“Dragon stability is a technical term for stabilization so profound that it is not destabilized by activity in the world. The image comes from the idea that a dragon is physically an animal yet mentally dwells in an elevated state. Thus it is used to represent the Mahayana Buddhist ideal of transcending the world while in the very midst of the world.”
— From Huineng Sutra, translated by Cleary. Page 158.
Stabilization is another word for concentration. To have a stable mind is to have a mind that can be placed where it is most wholesome. A mind that is a tool for functioning, not the Master. To have a concentrated mind also means to feel connected to the true reality — the one interconnected body (of the Buddha) (of the whole world functioning together) (of Zenki — total dynamic working). A concentrating mind is a mind that doesn’t possess anything and doesn’t grab on to anything, and is comfortable with space, and no-thing-ness. It is a huge vast mind.
“Stabilization so profound that it is not destabilized by activity in the world.”

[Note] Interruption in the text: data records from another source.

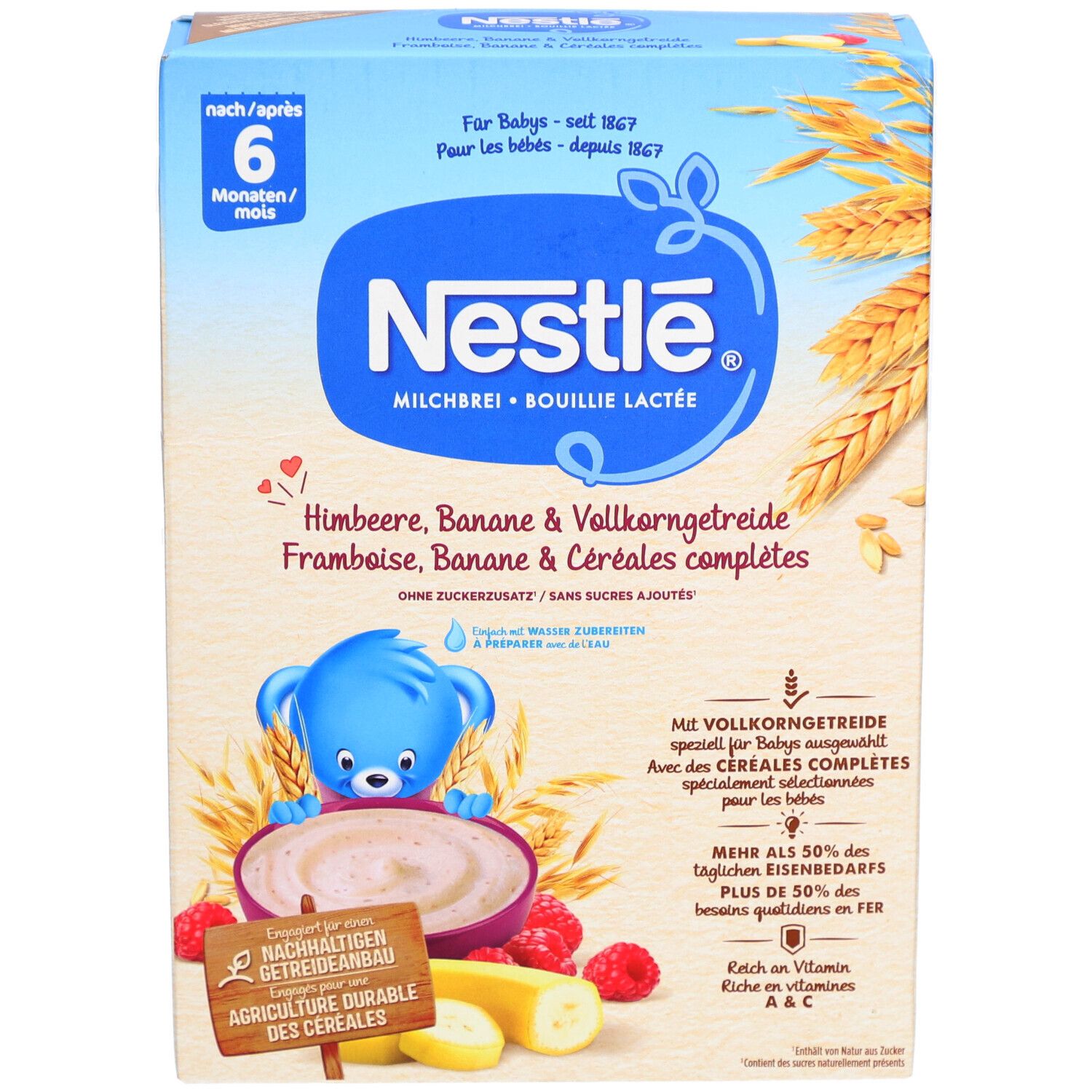 Nestlé Milchbrei-Packung. Blaue Verpackung mit Produktnamen und Illustrationen von Himbeeren, Bananen und Getreide. Altersempfehlung: 6M+.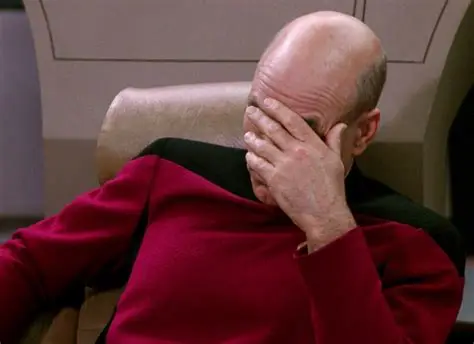 Captain Picard leaning on his elbow with the palm of his hand covering his face in dismay.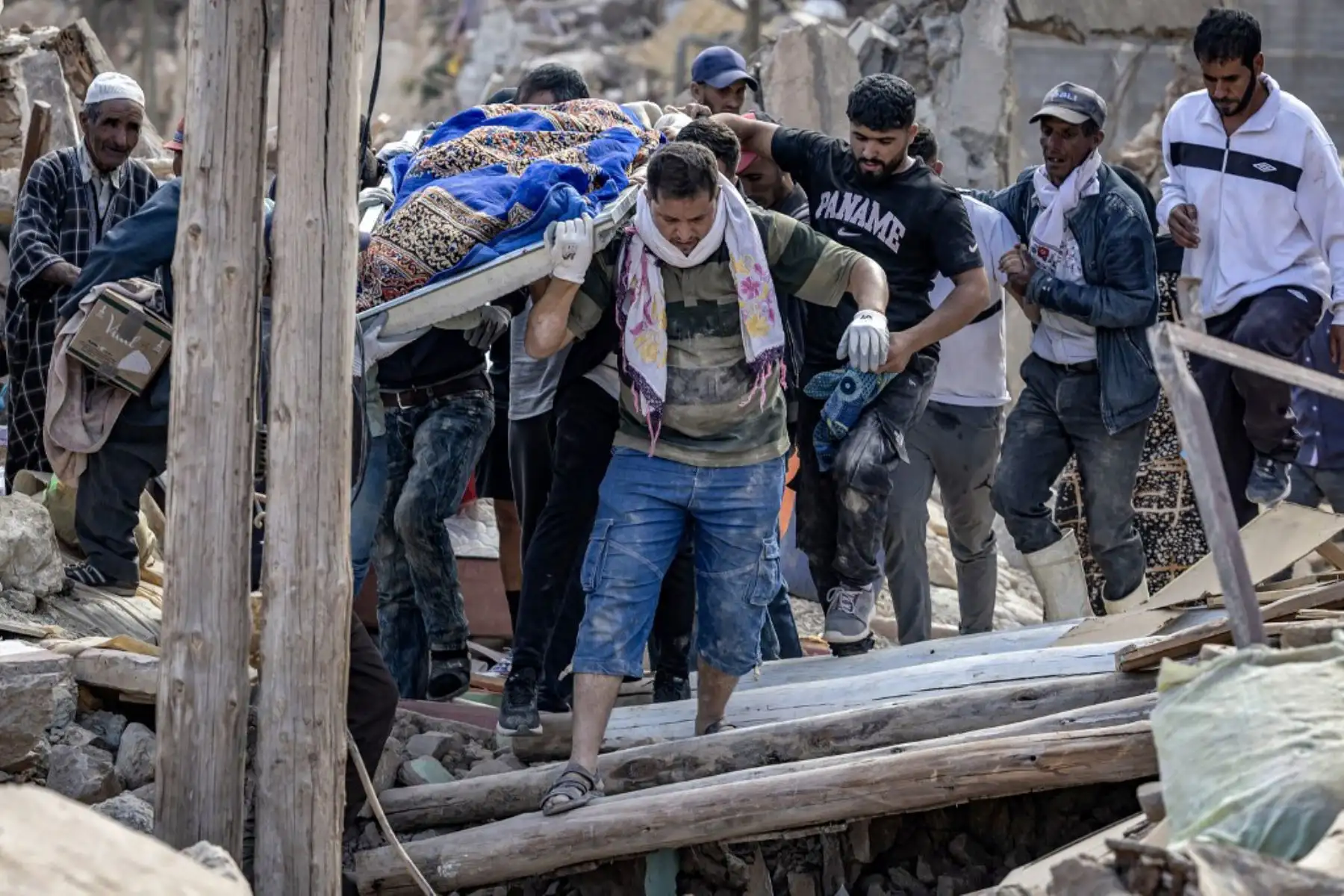 Voluntarios llevan los restos de una víctima del mortal terremoto de magnitud 6,8 ​​del 8 de septiembre, en la aldea de Imi N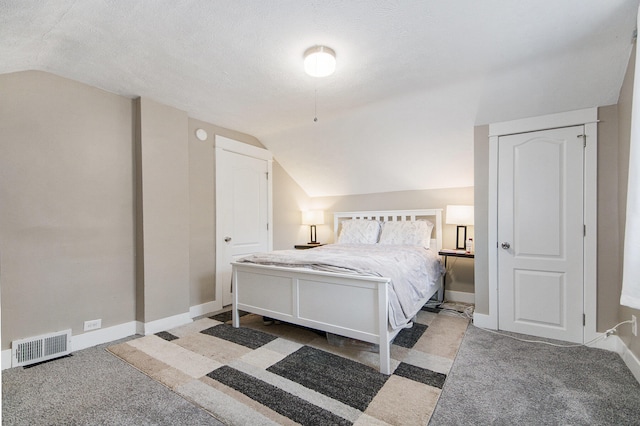 bedroom with dark colored carpet, a textured ceiling, and vaulted ceiling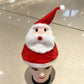 Interactieve pluche kerstmuts met kerstfiguur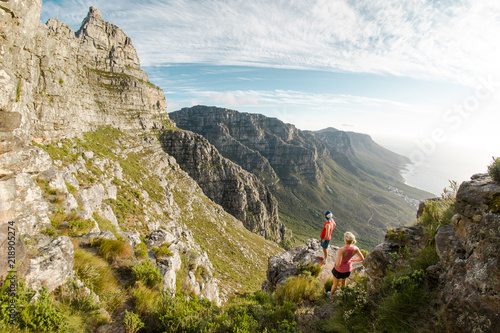 Two trail runners enjoying the view of Table Mountain and the ocean in Cape Town South Africa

This brings deep and surface practice together. To feel the interconnectedness, the composure, the quiet vastness of life in all the forms we meet as they arise. To see Buddha in the energy of each moment and each form. In order to do this, I have to let go of all my previous ways I have constructed my life and my story. I have to deeply let go of control, and receive the life of this moment exactly the way it is.